I had remembered after 10pm when I heard the neighbor bringing her can upfront. So I went outside to take the can upfront. This guy spotted me, he was walking with someone I reckon was a friend. This guy tried to talk to me. I am new to this stuff so I didn’t know how to process it and had no time to process it. I did not get a good look at his face by it being dark. It was after 10pm after all. I saw him a month later when I went to take out the trash, coincidentally.
This time it was in broad daylight. I was shocked at his appearance. Kinda like how you would react when someone catfishes you online, and you meet the person face-to-face. He did look kinda old. I asked him his age and he avoided the question. If he had nothing to hide, he would have told me how old he was. The second time he came by, my mom spied on us. In the basement, we have these windows you cannot see out of, but it has a little window you can open and see out of, like this. As soon as I came in the door, she lost her shit.

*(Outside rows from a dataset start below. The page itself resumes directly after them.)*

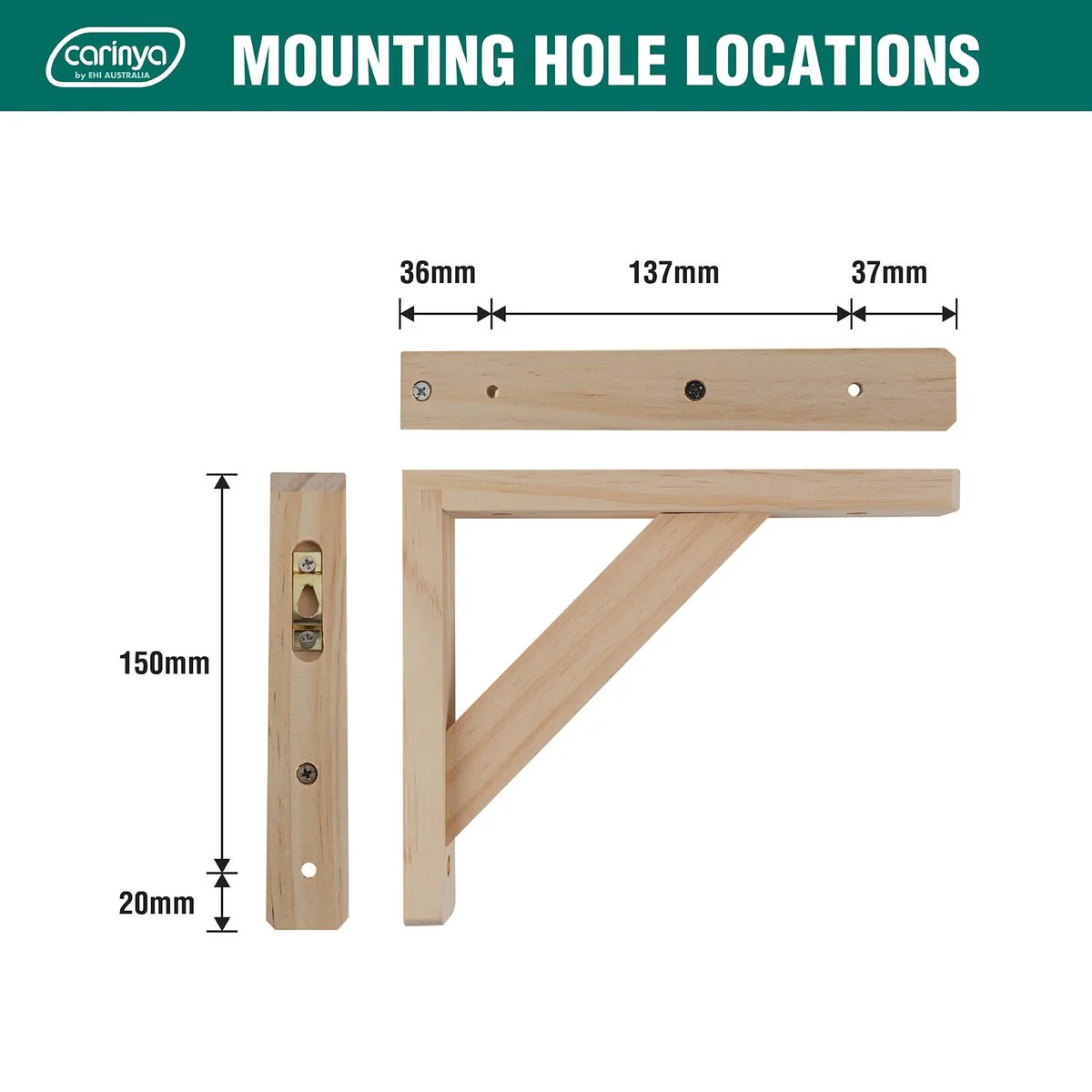 Carinya Stayed Bracket - 210 x 170mm - Raw Pine - DIY Design - Image 5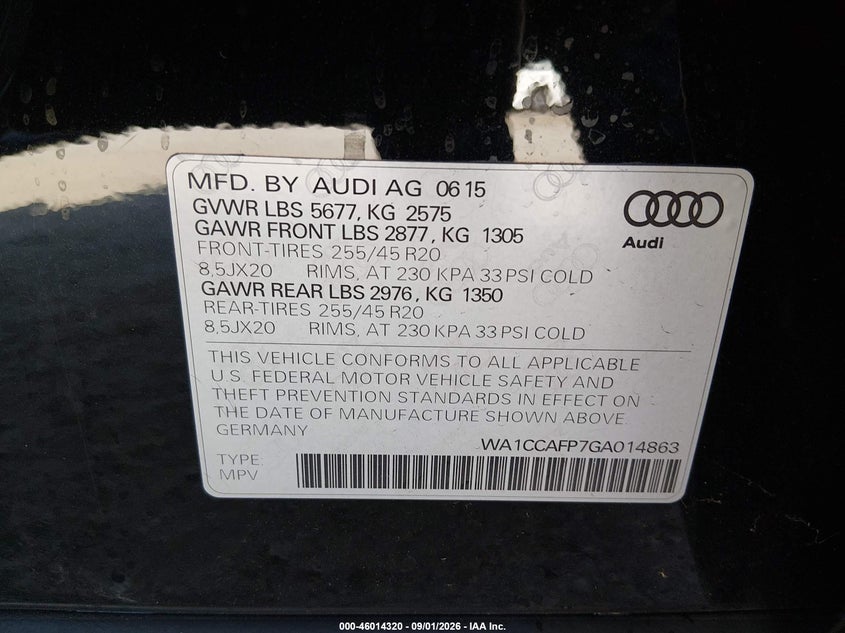 2016 Audi Sq5 VIN WA1CCAFP7GA014863 IAAI salvage auction — NORMAL WEAR, Clear - Dealer Only (California), sold $2,200 on 2026-09-28 (photo 9)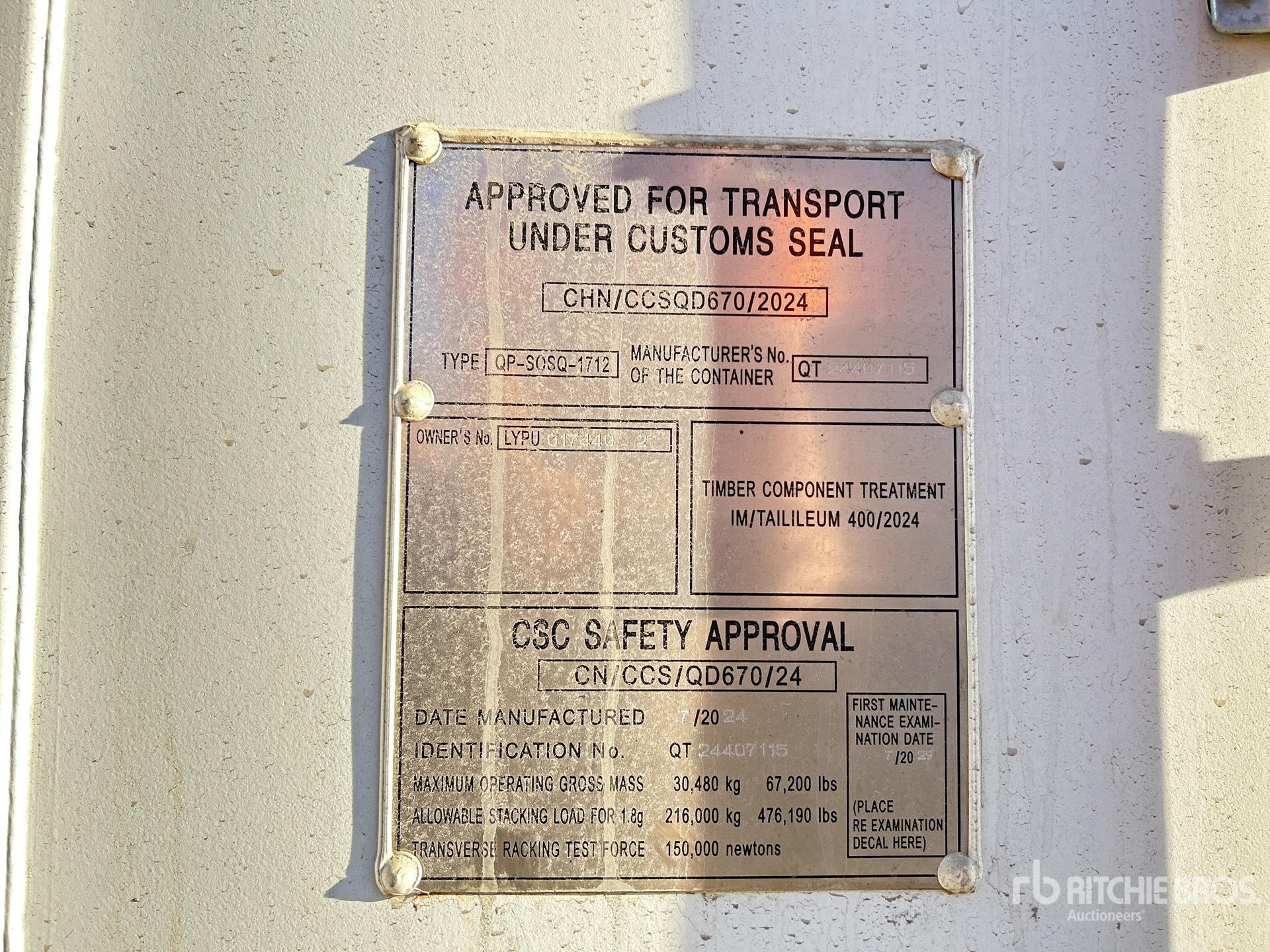 General Appearance with Serial Number / VIN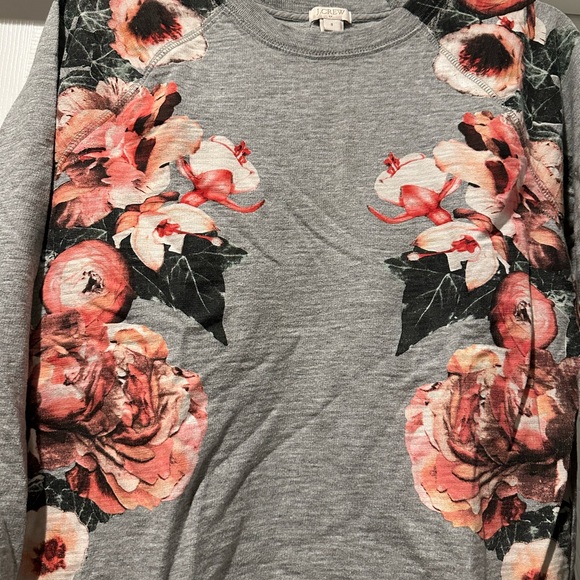 J. Crew Factory Gray Floral Sweatshirt - Picture 3 of 4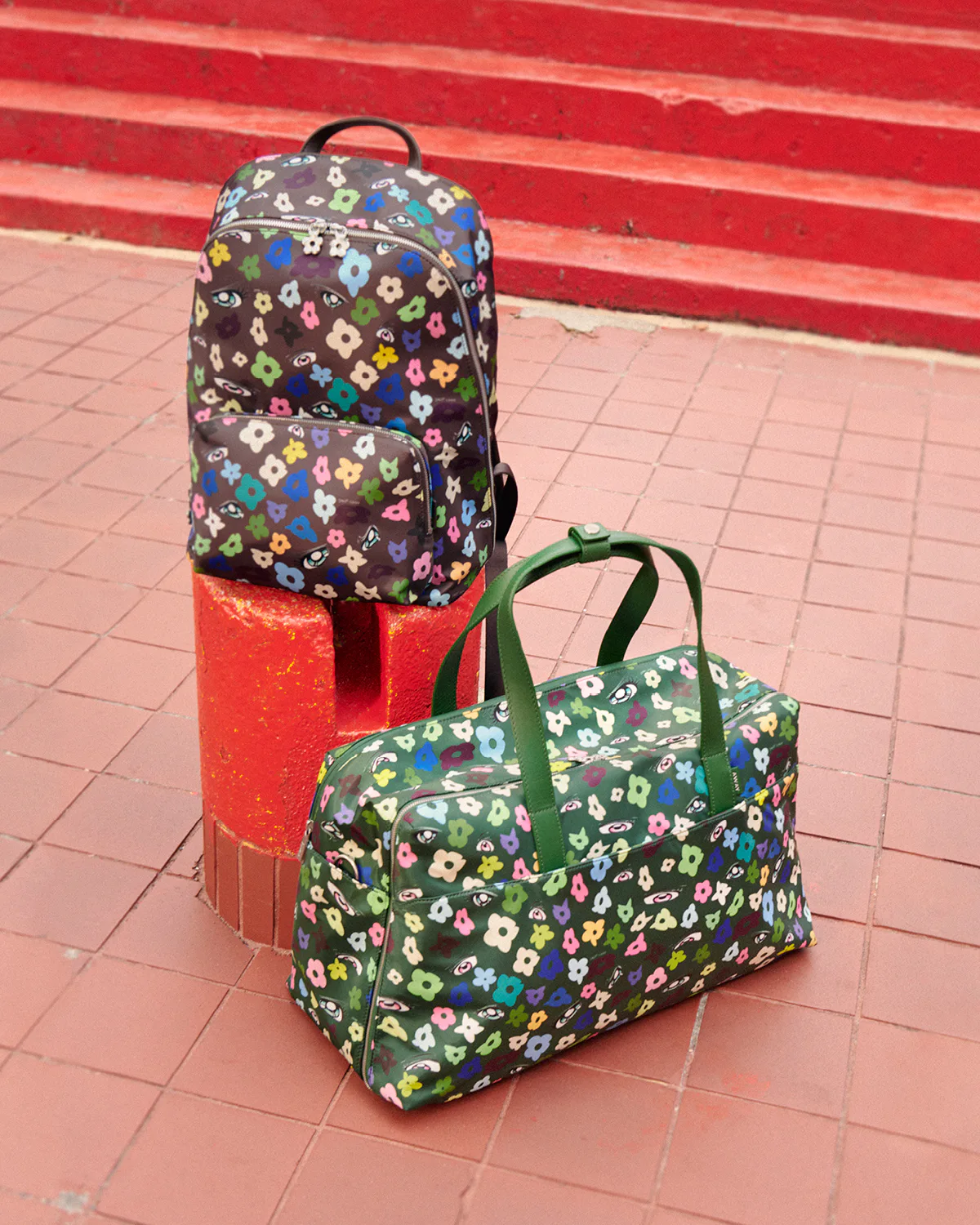 AWAY LIMITED EDITION The Front Pocket Backpack Collab Sandy Liang Brown Floral away-tia-adeola-sandy-liang-ji  main image 3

She started yelling at me right off the bat and I felt like I went into a mini panic attack. I was like ‘what did I do?’ I didn’t do it!’ She was not happy with his appearance. Going off like it’s my fault older guys are into me did not help. She saw that he was sagging, but I could not see it because he wore long shirts. My mom does not like guys who sag. I didn’t ask to be different, I don’t want it. She has a point due to me being different, I can be taken advantage of easily. She could have brought her message across differently.
How You Should Address Your Feelings
- Don’t yell at them. They don’t understand why you’re yelling at them.
- Address it in a calming matter Example ‘It makes me angry when you take my stuff without telling me, all I ask is that you tell me.’ They will fear you will get mad which will lead them to hide.
- Find a way that they can understand your point of view.
Remember it’s tough having a disorder that affects your social skills. It’s not like we asked for it.
It’s not about addressing it but how you address it. If someone does something you don’t like. Instead of ignoring them or being hostile, in a calm matter explain to them that you do not like it when they let’s say make fun of you.